In this work, the optical properties of fluorine have been theoretically investigated. The Woods–Saxon potential model has been considered together with the spin–orbit interaction term. Then, the Schrödinger equation is solved by employing the Nikiforov-Uvarov method without and with considering the Coulomb term. We determine refractive index changes (RIC) and absorption coefficient (AC) of the fluorine with and without considering the Coulomb term. We found that (i) the RIC increases and shifts toward higher energies considering the Coulomb term. (ii) AC raises and moves to higher energies considering the Coulomb term. We also deduced that the Coulomb term has an important effect on the optical properties of fluorine.

Appendices

Appendix A

In this part, we have presented the NU method. The procedure as a powerful mathematical tool is employed to solve the second-order differential equations using the special orthogonal functions (Turkoglu et al. 2021).

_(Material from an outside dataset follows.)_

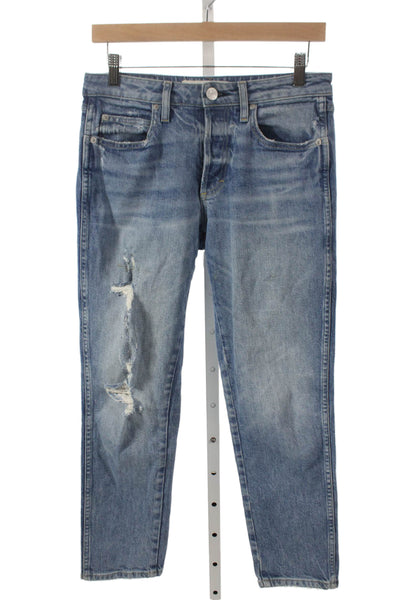 Amo Women Straight Jeans Blue Mid Rise Cotton Button Fly Size 24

Consider the below equation

$$\frac{{d}^{2}\Phi \left(z\right)}{d{z}^{2}}+\frac{\lambda \left(z\right)}{\eta \left(z\right)}\frac{d\Phi \left(z\right)}{dz}+\frac{\gamma \left(z\right)}{{\eta }^{2}\left(z\right)}\Phi \left(z\right)=0,$$

(17)

where \(\eta \left(z\right)\) and \(\gamma \left(z\right)\) are second-order polynomials and \(\lambda \left(z\right)\) is a first-order polynomial. We use the following function.

$$\Phi \left(z\right)=\varphi \left(z\right){y}_{n}\left(z\right)$$

(18)

Therefore, we obtain

$$\eta \left(z\right)\frac{{d}^{2}y\left(z\right)}{d{z}^{2}}+\mu \left(z\right)\frac{dy\left(z\right)}{dz}+\delta y\left(z\right)=0$$

(19)

and

$$\frac{\frac{d\varphi (z)}{dz}}{\varphi (z)}=\frac{\mu (z)}{\eta (z)}$$

(20)

The function \(y(z)\) is of the hypergeometric type. It can be written as (Ahn and Chuang 1987)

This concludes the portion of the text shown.